**RECORDS FOR PROCESSING:**
-- Opening Marker --

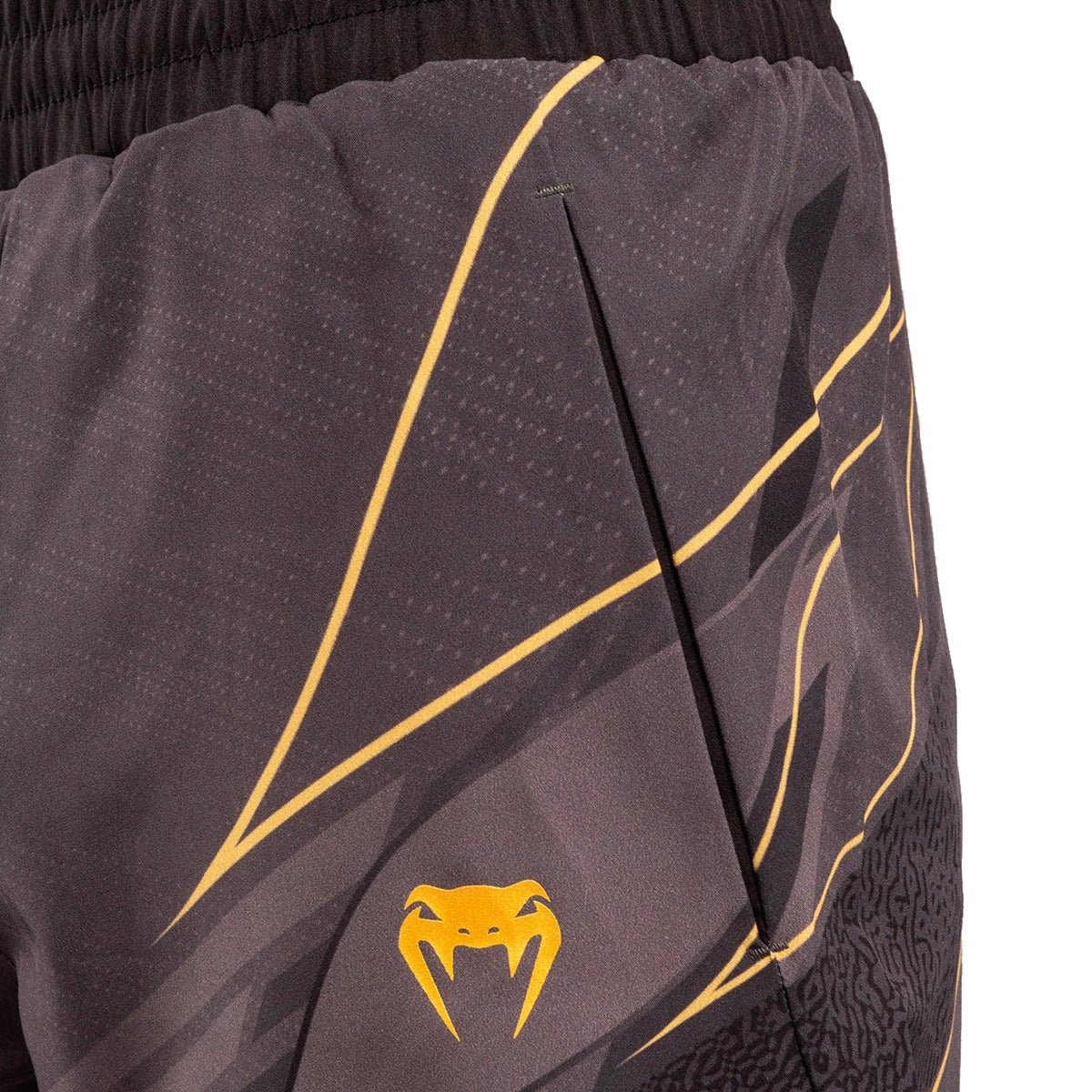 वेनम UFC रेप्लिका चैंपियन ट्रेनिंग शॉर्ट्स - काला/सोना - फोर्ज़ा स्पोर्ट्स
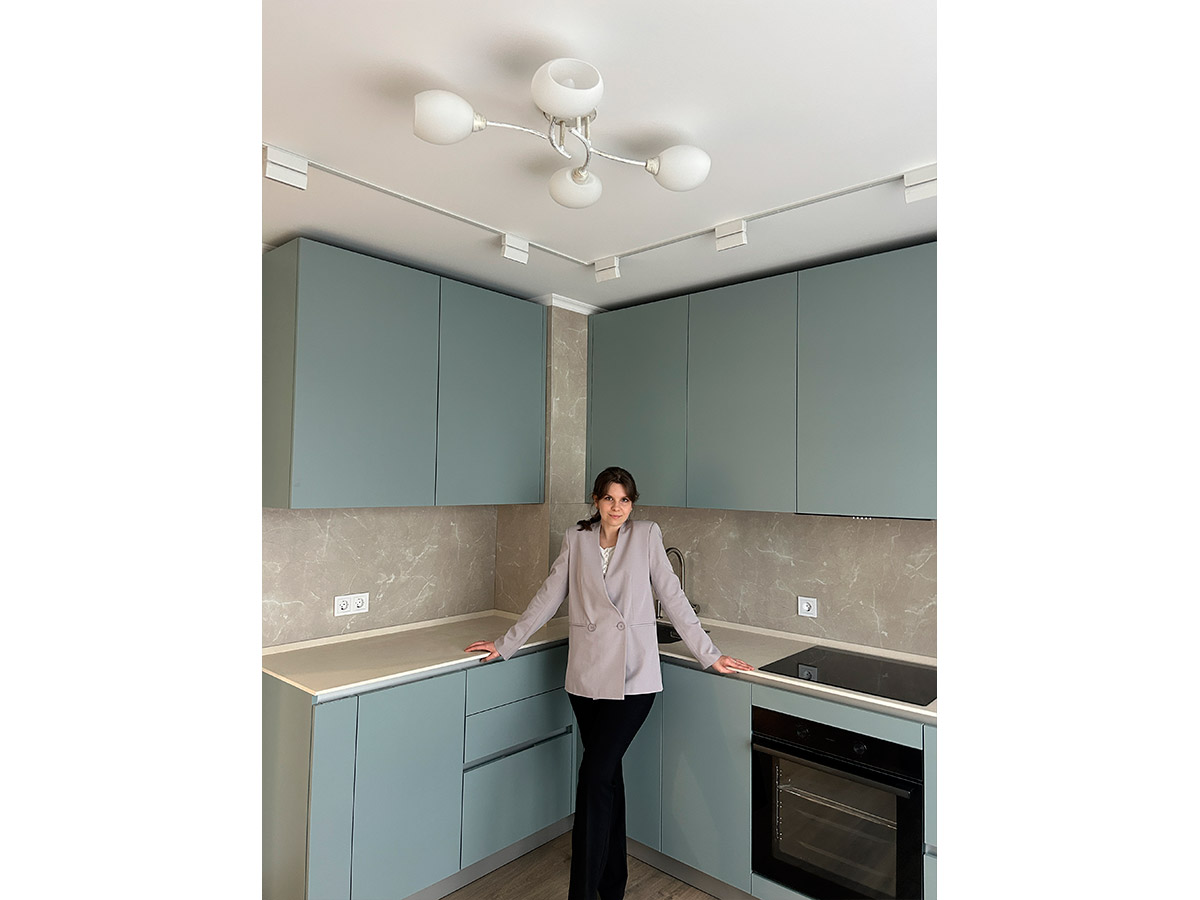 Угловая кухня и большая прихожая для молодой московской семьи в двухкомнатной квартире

-- Closing Marker --
-- Opening Marker --

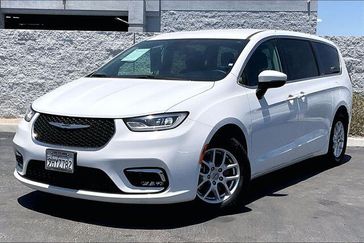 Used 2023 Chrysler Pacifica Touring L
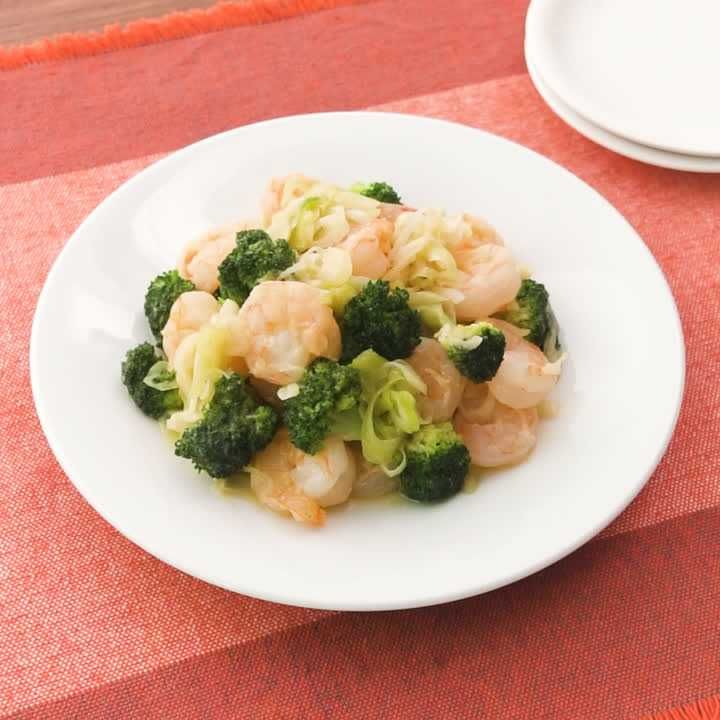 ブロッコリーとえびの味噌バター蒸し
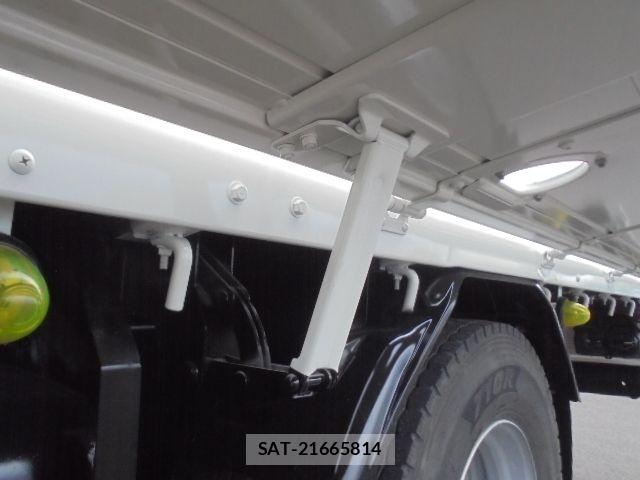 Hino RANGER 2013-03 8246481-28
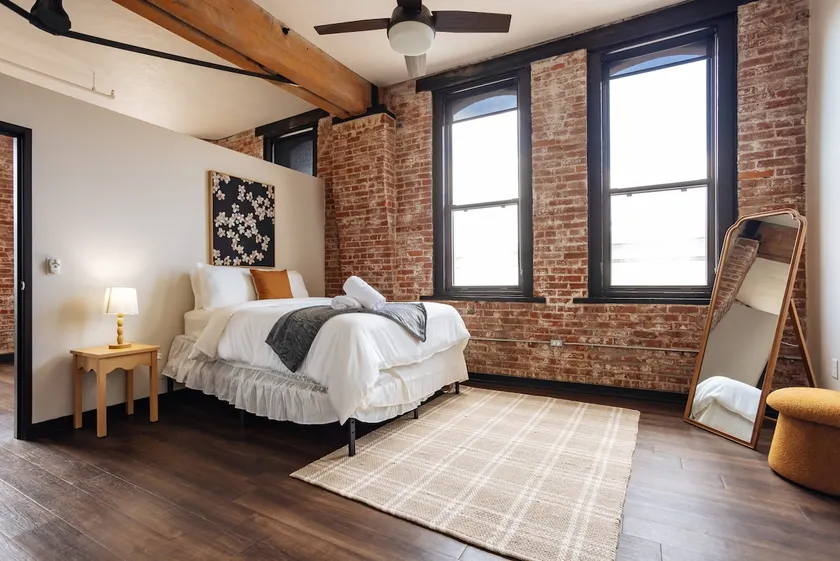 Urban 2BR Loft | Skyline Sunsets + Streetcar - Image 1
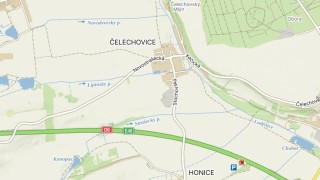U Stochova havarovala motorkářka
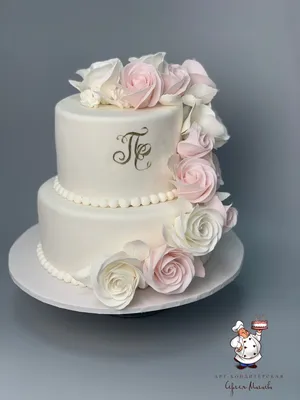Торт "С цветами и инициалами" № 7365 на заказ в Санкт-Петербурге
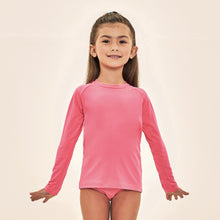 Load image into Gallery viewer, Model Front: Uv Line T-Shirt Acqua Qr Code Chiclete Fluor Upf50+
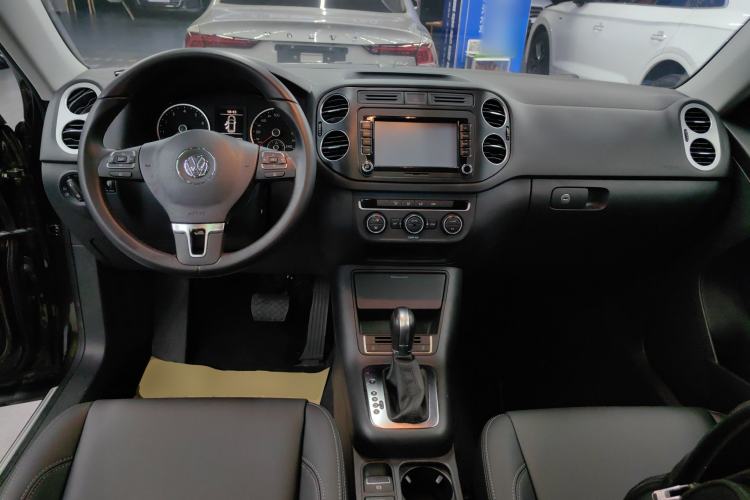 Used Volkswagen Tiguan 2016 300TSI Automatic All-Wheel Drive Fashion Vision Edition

-- Closing Marker --

**WHAT YOU NEED TO DO:**
From the listing above, please give again the lines that begin with the line holding "ブロッコリーとえびの味噌バター蒸し" and go on through the line holding "Used Volkswagen Tiguan", exactly, both ends included, minus any picture.

**YOUR SOLUTION:**
 ブロッコリーとえびの味噌バター蒸し
 Hino RANGER 2013-03 8246481-28
 Urban 2BR Loft | Skyline Sunsets + Streetcar - Image 1
U Stochova havarovala motorkářka
Торт "С цветами и инициалами" № 7365 на заказ в Санкт-Петербурге
 Load image into Gallery viewer, Model Front: Uv Line T-Shirt Acqua Qr Code Chiclete Fluor Upf50+
 Used Volkswagen Tiguan 2016 300TSI Automatic All-Wheel Drive Fashion Vision Edition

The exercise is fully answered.